◆ Work task
From the line that contains "Title: Acceptance: A" through the closing line of the entries, write out each line exactly; pictures stay out.

◆ Caption-style text data

────

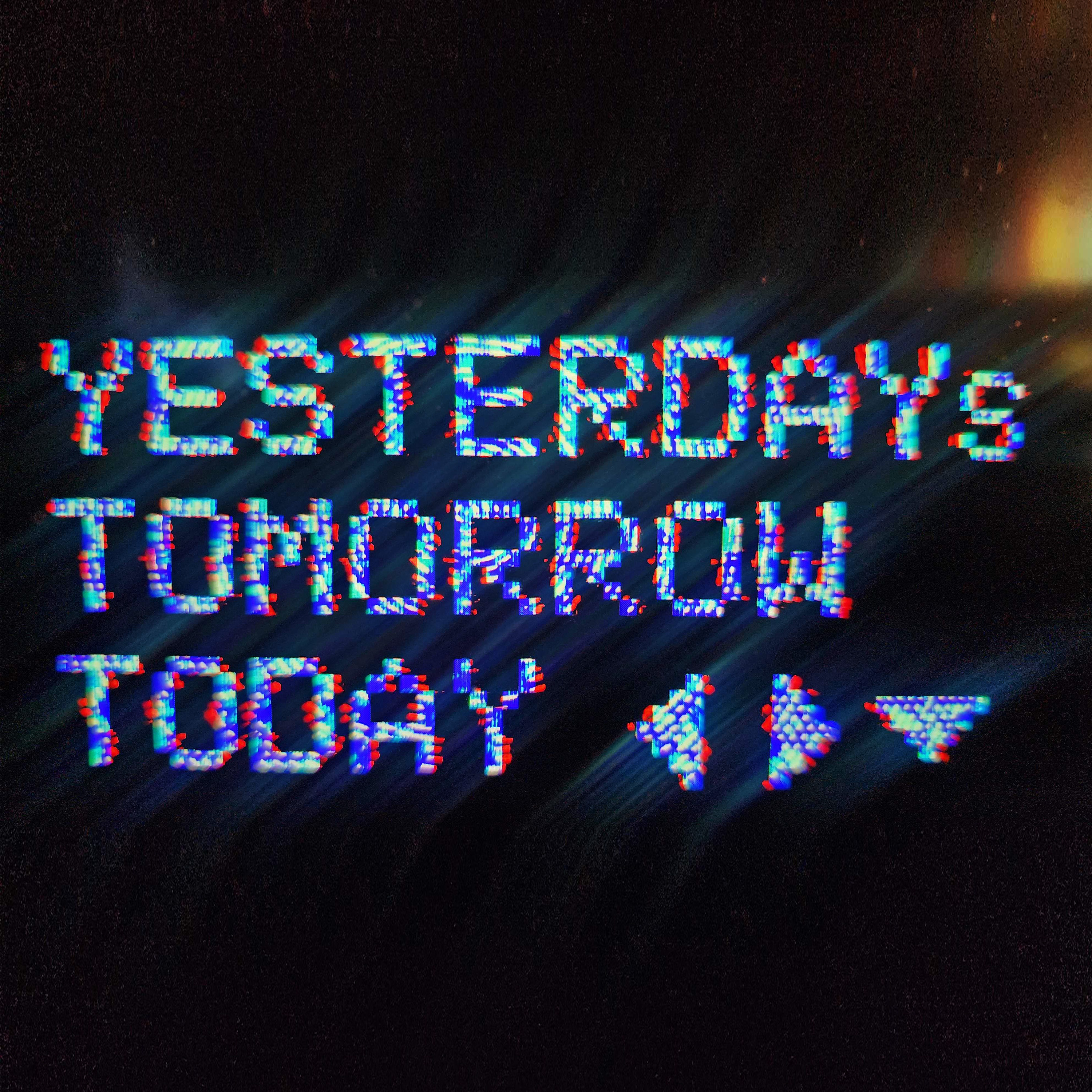 Yesterday's Tomorrow Today 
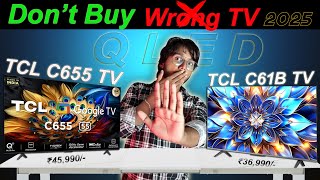 TCL C655 vs TCL C61B 55Inch QLED TV Comparison  Best Budget 4K TV in 2024 [upl. by Franck]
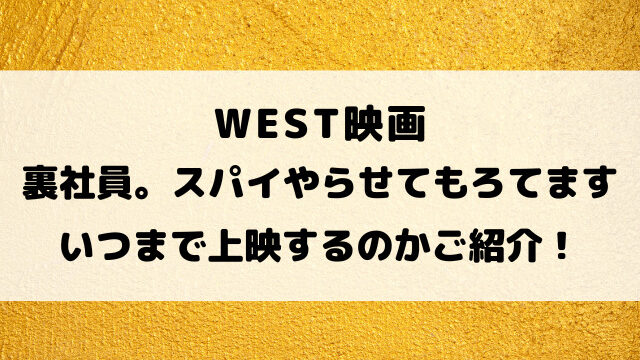 WEST映画「裏社員。スパイやらせてもろてます」いつまで上映するのかご紹介！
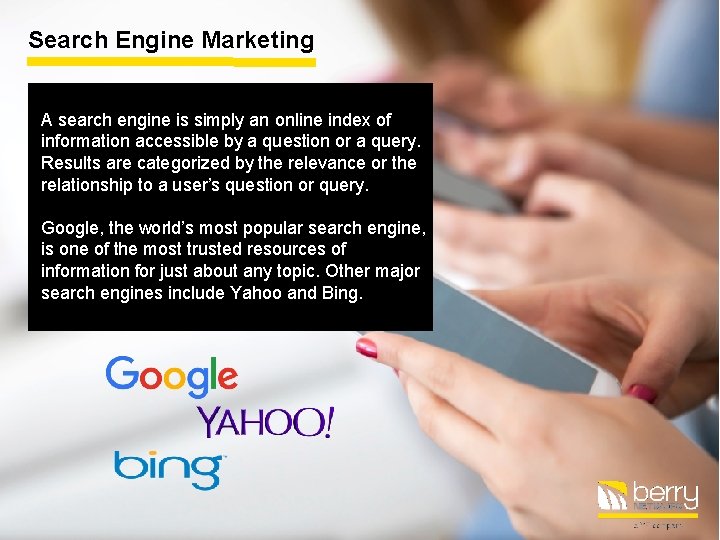 Search Engine Marketing A search engine is simply an online index of information accessible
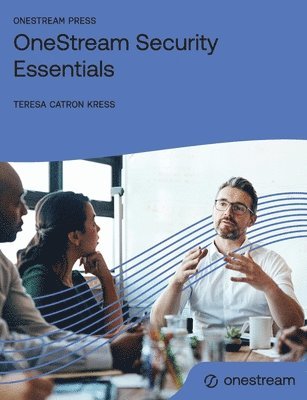Teresa Catron Kress - OneStream Security Essentials, Häftad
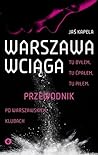 Warszawa wciąga. Tu byłem. Tu ćpałem. Tu piłem. Przewodnik po warszawskich klubach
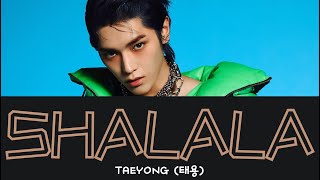 TAEYONG 태용  SHALALA 샤랄라 With Lyrics [upl. by Stoll]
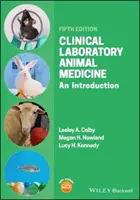 Médecine clinique des animaux de laboratoire : Une introduction - Clinical Laboratory Animal Medicine: An Introduction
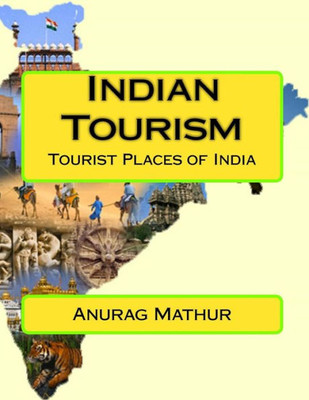 Indian Tourism: Tourist Places Of India (Indian Culture & Heritage Series Book)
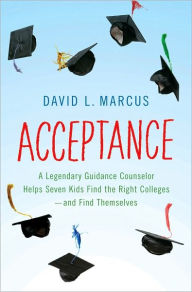 Title: Acceptance: A Legendary Guidance Counselor Helps Seven Kids Find the Right Colleges -- and Find Themselves, Author: David L. Marcus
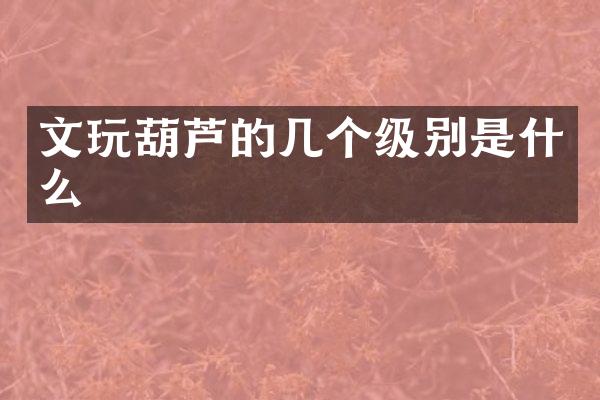 文玩葫芦的几个级别是什么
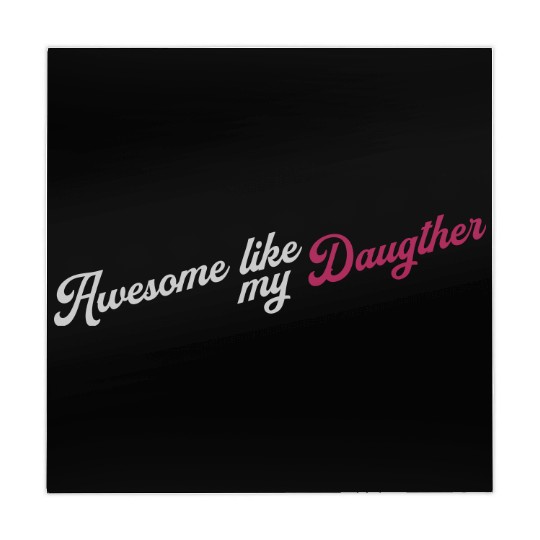 Awesome Like My Daughter Mahjong Mats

────

◆ Written answer
 Title: Acceptance: A Legendary Guidance Counselor Helps Seven Kids Find the Right Colleges -- and Find Themselves, Author: David L. Marcus
 文玩葫芦的几个级别是什么
 Awesome Like My Daughter Mahjong Mats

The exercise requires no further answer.